Brief → The full listing below should be repeated exactly.

───

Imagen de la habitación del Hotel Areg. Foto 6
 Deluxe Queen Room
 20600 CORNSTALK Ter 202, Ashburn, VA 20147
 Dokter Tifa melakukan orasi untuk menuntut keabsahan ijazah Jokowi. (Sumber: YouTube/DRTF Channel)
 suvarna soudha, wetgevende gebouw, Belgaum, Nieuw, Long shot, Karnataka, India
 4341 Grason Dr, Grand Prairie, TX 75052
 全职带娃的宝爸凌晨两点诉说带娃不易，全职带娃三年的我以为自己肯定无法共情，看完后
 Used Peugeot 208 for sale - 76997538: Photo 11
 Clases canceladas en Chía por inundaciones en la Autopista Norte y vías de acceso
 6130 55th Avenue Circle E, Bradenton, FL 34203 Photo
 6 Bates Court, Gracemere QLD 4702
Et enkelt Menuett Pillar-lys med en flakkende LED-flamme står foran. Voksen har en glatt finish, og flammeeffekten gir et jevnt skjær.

───

Written solution →
Imagen de la habitación del Hotel Areg. Foto 6
 Deluxe Queen Room
 20600 CORNSTALK Ter 202, Ashburn, VA 20147
 Dokter Tifa melakukan orasi untuk menuntut keabsahan ijazah Jokowi. (Sumber: YouTube/DRTF Channel)
 suvarna soudha, wetgevende gebouw, Belgaum, Nieuw, Long shot, Karnataka, India
 4341 Grason Dr, Grand Prairie, TX 75052
 全职带娃的宝爸凌晨两点诉说带娃不易，全职带娃三年的我以为自己肯定无法共情，看完后
 Used Peugeot 208 for sale - 76997538: Photo 11
 Clases canceladas en Chía por inundaciones en la Autopista Norte y vías de acceso
 6130 55th Avenue Circle E, Bradenton, FL 34203 Photo
 6 Bates Court, Gracemere QLD 4702
Et enkelt Menuett Pillar-lys med en flakkende LED-flamme står foran. Voksen har en glatt finish, og flammeeffekten gir et jevnt skjær.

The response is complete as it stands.